Table 14: Experiment 3 testing discrimination. Bayesian Mixed Model Predicting Vx as a function of condition (Constant vs. Varied) and Velocity Band. The Intercept represents the baseline condition (constant training & original order), and the Band coefficient represents the slope for the baseline condition. The interaction terms which include condit and Band (e.g., conditVaried:Band & conditVaried:bandOrderReverse:band) respectively indicate the how the slopes of the varied-original condition differed from the baseline condition, and how varied-reverse condition differed from the varied-original condition
Term Estimate 95% CrI Lower 95% CrI Upper pd
Intercept 601.83 504.75 699.42 1.00
conditVaried 12.18 -134.94 162.78 0.56
bandOrderReverse 13.03 -123.89 144.67 0.58
Band 0.49 0.36 0.62 1.00
conditVaried:bandOrderReverse -338.15 -541.44 -132.58 1.00
conditVaried:Band -0.04 -0.23 0.15 0.67
bandOrderReverse:band -0.10 -0.27 0.08 0.86
conditVaried:bandOrderReverse:band 0.42 0.17 0.70 1.00

Testing Discrimination. The full results of the discrimination model are presented in Table 13. For the purposes of assessing group differences in discrimination, only the coefficients including the band variable are of interest. The baseline effect of band represents the slope cofficient for the constant training - original order condition, this effect was significant \(\beta\) = 0.49, 95% CrI [0.36, 0.62]; pd = 100%. Neither of the two way interactions reached significance, \(\beta\) = -0.04, 95% CrI [-0.23, 0.15]; pd = 66.63%, \(\beta\) = -0.1, 95% CrI [-0.27, 0.08]; pd = 86.35%. However, the three way interaction between training condition, band order, and target band was significant, \(\beta\) = 0.42, 95% CrI [0.17, 0.7]; pd = 99.96% - indicating a greater slope for the varied condition trained with reverse order bands. This interaction is shown in Figure 24, where the steepness of the best fitting line for the varied-reversed condition is noticably steeper than the other conditions.
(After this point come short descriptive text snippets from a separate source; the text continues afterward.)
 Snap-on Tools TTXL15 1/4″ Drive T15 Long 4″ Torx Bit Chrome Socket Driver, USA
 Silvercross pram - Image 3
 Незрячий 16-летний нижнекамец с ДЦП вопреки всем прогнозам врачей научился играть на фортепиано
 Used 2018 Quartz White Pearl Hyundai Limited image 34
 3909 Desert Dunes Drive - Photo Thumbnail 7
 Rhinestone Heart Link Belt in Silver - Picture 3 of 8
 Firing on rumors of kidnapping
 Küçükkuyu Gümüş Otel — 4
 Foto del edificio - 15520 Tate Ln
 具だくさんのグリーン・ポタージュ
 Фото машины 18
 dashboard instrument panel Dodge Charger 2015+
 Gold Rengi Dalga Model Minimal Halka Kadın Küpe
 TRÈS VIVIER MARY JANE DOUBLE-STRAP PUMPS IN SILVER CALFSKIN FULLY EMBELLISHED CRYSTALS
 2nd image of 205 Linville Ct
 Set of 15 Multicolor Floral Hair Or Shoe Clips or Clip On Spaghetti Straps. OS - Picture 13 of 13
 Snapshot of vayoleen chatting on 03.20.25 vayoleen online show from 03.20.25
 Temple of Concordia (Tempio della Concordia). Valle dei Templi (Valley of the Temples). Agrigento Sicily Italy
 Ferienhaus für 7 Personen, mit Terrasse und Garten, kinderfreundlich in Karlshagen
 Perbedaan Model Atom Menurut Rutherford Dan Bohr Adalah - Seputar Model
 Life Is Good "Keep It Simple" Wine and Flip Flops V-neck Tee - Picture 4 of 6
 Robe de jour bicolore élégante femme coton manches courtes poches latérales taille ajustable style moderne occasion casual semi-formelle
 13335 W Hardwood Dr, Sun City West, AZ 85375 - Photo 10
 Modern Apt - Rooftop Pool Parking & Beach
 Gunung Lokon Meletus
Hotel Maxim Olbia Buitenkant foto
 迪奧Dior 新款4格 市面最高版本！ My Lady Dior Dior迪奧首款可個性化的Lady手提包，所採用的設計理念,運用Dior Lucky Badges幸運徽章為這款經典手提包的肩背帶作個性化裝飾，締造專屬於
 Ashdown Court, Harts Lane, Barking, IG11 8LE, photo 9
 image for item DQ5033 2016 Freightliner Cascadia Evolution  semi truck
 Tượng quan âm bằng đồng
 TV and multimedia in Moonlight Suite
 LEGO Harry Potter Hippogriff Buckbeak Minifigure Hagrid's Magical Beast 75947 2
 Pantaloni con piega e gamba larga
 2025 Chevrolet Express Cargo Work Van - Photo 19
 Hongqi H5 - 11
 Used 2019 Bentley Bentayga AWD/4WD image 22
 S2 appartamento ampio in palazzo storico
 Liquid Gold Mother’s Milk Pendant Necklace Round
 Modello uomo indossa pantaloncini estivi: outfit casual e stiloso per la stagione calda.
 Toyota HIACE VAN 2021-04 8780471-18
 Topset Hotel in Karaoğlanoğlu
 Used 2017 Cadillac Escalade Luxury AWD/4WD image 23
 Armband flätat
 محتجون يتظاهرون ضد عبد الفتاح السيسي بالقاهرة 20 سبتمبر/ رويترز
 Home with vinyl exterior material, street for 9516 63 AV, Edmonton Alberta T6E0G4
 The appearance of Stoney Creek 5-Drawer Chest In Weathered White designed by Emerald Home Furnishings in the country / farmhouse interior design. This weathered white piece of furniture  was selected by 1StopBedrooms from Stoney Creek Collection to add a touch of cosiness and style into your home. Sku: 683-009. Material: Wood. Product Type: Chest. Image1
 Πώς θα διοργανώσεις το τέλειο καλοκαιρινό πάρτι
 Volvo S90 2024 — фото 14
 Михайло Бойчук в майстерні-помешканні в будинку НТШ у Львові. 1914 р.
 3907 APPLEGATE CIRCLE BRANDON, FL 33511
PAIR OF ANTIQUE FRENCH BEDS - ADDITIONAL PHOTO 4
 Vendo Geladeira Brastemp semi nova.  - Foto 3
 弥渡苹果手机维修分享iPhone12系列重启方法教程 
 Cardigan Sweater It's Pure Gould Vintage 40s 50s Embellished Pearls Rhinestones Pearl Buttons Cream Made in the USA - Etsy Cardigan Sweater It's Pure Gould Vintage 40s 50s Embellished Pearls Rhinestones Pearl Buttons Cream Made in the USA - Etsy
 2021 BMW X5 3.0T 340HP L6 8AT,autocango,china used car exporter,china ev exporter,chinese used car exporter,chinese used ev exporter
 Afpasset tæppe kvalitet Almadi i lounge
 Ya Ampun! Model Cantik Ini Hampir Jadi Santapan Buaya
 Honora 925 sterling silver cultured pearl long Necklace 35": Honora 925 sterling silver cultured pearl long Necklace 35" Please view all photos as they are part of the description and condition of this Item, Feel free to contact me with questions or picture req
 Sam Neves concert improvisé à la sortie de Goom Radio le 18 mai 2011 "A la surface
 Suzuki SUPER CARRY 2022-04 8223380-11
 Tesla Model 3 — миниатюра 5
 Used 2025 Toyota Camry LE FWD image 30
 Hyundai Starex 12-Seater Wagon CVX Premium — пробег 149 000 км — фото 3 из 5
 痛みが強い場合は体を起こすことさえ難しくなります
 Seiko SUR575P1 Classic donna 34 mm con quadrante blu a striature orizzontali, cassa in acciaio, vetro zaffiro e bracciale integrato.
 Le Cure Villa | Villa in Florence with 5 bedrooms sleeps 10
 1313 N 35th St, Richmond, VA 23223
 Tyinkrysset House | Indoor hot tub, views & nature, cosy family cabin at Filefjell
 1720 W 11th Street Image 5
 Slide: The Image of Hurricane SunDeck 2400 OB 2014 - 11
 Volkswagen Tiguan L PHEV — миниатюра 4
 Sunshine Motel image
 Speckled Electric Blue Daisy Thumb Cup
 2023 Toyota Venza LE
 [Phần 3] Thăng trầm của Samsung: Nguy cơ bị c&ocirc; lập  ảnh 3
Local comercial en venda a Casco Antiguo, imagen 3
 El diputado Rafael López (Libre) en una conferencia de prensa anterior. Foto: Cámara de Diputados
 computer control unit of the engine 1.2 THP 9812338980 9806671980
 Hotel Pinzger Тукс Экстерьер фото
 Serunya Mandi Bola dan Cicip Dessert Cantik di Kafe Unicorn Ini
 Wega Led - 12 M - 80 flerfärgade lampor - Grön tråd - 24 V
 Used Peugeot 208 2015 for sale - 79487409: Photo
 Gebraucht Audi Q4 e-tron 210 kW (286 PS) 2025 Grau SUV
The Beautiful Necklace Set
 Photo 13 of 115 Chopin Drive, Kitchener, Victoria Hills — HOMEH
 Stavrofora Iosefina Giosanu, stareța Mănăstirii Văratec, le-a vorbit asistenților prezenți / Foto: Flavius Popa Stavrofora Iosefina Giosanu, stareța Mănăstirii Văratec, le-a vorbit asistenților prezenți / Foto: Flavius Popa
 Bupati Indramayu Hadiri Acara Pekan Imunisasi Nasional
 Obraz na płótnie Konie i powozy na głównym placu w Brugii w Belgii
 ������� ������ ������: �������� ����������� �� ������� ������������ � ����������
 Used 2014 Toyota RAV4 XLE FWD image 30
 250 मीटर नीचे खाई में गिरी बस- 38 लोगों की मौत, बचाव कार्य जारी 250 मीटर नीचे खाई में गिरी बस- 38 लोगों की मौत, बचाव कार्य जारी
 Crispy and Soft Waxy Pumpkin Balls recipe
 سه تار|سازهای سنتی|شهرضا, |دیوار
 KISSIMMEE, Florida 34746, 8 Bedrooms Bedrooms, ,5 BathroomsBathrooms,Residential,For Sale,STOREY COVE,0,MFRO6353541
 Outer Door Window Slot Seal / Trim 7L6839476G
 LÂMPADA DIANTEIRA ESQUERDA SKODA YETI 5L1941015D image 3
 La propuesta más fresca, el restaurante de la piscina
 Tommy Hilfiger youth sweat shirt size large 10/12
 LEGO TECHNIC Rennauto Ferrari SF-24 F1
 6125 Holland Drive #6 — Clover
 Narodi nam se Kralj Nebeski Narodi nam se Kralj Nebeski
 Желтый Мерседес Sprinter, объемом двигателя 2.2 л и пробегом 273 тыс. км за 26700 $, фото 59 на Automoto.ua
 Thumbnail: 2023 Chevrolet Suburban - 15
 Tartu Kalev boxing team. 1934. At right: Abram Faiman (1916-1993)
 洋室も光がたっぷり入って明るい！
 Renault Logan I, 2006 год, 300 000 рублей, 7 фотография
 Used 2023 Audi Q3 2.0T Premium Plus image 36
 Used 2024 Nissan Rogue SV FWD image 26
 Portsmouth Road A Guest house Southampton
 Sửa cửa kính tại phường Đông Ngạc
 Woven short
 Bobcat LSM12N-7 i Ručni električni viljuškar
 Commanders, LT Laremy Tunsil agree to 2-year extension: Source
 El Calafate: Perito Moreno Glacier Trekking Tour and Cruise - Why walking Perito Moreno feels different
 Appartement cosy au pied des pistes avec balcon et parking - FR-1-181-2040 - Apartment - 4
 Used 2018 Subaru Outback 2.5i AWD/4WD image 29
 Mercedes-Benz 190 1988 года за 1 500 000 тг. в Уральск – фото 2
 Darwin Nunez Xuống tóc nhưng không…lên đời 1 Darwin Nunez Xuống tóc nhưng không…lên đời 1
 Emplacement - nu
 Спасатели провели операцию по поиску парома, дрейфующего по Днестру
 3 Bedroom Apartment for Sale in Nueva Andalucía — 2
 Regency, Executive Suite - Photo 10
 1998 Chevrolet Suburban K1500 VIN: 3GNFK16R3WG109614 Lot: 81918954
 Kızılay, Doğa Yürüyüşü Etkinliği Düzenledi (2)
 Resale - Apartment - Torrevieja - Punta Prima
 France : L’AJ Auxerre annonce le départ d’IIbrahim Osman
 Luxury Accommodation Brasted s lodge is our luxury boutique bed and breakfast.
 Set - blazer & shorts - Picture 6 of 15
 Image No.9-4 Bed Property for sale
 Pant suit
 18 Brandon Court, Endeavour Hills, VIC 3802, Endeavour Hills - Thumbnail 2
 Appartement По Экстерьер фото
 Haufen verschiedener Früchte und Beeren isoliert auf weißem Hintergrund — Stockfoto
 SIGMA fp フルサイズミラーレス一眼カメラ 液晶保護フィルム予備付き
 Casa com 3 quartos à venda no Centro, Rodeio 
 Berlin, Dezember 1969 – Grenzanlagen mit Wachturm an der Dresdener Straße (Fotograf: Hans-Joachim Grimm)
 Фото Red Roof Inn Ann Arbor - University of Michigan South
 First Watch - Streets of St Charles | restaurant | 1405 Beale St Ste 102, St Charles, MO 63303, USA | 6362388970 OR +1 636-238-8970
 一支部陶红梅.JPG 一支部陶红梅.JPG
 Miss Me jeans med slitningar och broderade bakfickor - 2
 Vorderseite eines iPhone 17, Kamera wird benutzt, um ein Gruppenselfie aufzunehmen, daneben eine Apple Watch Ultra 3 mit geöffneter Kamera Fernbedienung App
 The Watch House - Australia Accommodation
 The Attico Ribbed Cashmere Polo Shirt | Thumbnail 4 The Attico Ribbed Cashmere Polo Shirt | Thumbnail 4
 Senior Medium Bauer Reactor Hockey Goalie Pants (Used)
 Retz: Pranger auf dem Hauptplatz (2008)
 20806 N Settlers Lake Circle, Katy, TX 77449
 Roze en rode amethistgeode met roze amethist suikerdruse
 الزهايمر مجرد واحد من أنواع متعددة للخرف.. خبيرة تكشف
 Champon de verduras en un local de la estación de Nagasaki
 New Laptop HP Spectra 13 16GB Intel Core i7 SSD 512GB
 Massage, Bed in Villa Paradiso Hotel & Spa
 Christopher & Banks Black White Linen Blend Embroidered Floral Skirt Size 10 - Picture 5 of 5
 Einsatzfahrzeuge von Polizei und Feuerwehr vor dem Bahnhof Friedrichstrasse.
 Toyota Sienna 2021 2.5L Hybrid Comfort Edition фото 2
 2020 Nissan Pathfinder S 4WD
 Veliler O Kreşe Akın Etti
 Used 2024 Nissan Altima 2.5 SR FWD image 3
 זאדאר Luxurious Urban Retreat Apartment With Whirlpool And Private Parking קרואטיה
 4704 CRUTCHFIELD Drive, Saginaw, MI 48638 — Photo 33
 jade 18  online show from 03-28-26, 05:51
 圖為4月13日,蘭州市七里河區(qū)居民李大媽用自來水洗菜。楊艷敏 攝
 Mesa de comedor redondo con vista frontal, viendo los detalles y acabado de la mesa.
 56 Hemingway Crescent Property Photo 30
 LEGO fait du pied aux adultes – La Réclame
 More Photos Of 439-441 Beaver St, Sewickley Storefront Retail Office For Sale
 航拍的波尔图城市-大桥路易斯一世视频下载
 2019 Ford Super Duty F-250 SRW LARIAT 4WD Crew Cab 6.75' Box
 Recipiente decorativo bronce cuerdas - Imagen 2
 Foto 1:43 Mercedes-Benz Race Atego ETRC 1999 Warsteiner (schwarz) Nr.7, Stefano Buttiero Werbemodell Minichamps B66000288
Figure 24: e3 testing x velocities. Translucent bands with dash lines indicate the correct range for each velocity band.
Figure 25: Experiment 3 Discrimination. A) Conditional effect of training condition and Band. Ribbons indicate 95% HDI. The steepness of the lines serves as an indicator of how well participants discriminated between velocity bands. B) The distribution of slope coefficients for each condition. Larger slopes indicates better discrimination. C) Individual participant slopes. Error bars represent 95% HDI.

Experiment 3 Summary

In Experiment 3, we investigated the effects of training condition (constant vs. varied) and band type (training vs. extrapolation) on participants’ accuracy and discrimination during the testing phase. Unlike the previous experiments, participants received ordinal feedback during the training phase. Additionally, Experiment 3 included both the original order condition from Experiment 1 and the reverse order condition from Experiment 2. The results revealed no significant main effects of training condition on testing accuracy, nor was there a significant difference between groups in band discrimination. However, we observed a significant three-way interaction for the discrimination analysis, indicating that the varied condition showed a steeper slope coefficient on the reverse order bands compared to the constant condition. This result suggests that varied training enhanced participants’ ability to discriminate between velocity bands, but only when the band order was reversed during testing.

Computational Model

Figure 26: The Associative Learning Model (ALM). The diagram illustrates the basic structure of the ALM model as used in the present work. Input nodes are activated as a function of their similarity to the lower-boundary of the target band. The generalization parameter, \(c\), determines the degree to which nearby input nodes are activated. The output nodes are activated as a function of the weighted sum of the input nodes - weights are updated via the delta rule.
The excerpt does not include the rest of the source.